09 Januari 2008

Perempuan Menolong Perempuan

Oleh FRANS OBON

Kita bergembira bahwa gerakan perempuan di wilayah kita bertumbuh subur. Lima tahun belakangan ini tumbuh pesat kesadaran memperlakukan perempuan setara dengan laki-laki. Ini perkembangan yang menggembirakan karena struktur budaya kita ikut memberi kontribusi mendiskriminasi perempuan.
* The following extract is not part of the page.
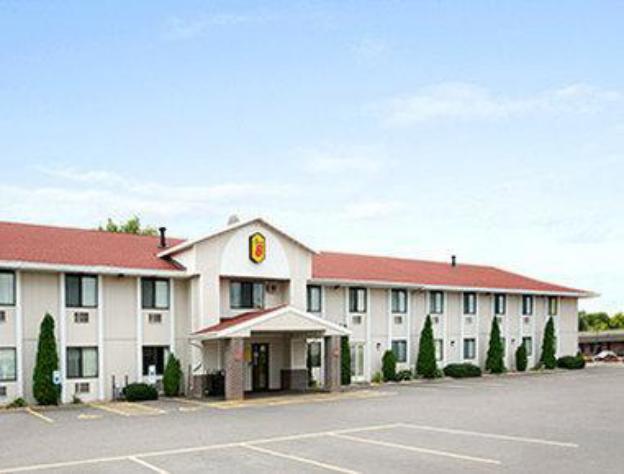Super 8 By Wyndham Eau Claire Wi,Eau Claire>>Altoona,2 star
Dengan demikian, hal ini juga menunjukkan bahwa terdapat perubahan dalam cara memandang budaya. Kita tidak lagi melihat budaya sebagai sesuatu yang statis, kaku, dan memaksa kita menerima begitu saja. Pendek kata ada kesadaran baru bahwa kita sesungguhnya memiliki kreativitas budaya yang luar biasa juga.
Kendati demikian, yang kita lihat selama ini gerakan perempuan lebih terfokus pada advokasi hak-hak perempuan. Perempuan yang diperlakukan secara kasar atau kekerasan dalam rumah tangga mulai dibawa ke pengadilan. Ada kampanye agar jangan ada diskriminasi terhadap perempuan dalam pendidikan. Sebaliknya perempuan diberi kesempatan yang sama seperti laki-laki baik dalam pendidikan maupun dalam kesempatan kerja.
Inisiatif-inisiatif ini memang kita perlukan agar gerakan penyetaraan gender memberikan ripple effect. Ibarat kita menjatuhkan sebuah batu ke dalam air. Jika batu yang kita jatuhkan kecil, maka efek yang ditimbulkannya juga kecil. Jika batu yang kita jatuhkan besar, efek getarannya juga besar. Kita memang berharap makin banyak inisiatif yang timbul untuk gerakan kesetaraan gender ini, makin besar pula dampak positif yang kita akan peroleh ke depannya.
Namun ada satu hal yang menarik perhatian kita, yakni prakarsa yang dilakukan seorang perempuan yang masih belia tetapi memiliki ide cerdas. Paulina Made Wigna Susanti. Harian ini Kamis (29/3) memprofilkan usahanya. Dia tidak memilih melanjutkan pendidikannya ke tingkat perguruan tinggi, melainkan memilih pendidikan yang memberinya keterampilan. Keahlian dan keterampilan itu tidak ia gunakan untuk kepentingan dirinya sendiri, melainkan membuka usaha yang menyediakan lapangan kerja bagi orang lain.
Bukan hanya itu saja. Dia merasa tidak cukup membantu perempuan lainnya untuk mendapatkan pekerjaan, melainkan membantu mereka memiliki keterampilan dan membuka usaha sendiri. Ini artinya dia membagikan keterampilan dan keahliannya kepada orang lain dan membiarkan mereka pergi setelah mereka menguasainya.
Kita memberikan apresiasi justru karena problem kita terletak di sini. Dari komposisi penduduk kita, sebagian besar adalah kaum perempuan. Sementara itu dari segi pendidikan, justru mereka sebagian besar hanya tamat pendidikan dasar. Inilah masalah krusial kita yakni bagaimana membantu kaum perempuan kita untuk tidak menggantungkan hidup mereka pada suami. Tetapi mereka didorong untuk menguasai keterampilan demi menambah keuangan keluarga. Perempuan menolong perempuan adalah sebuah inisiatif yang patut dihargai.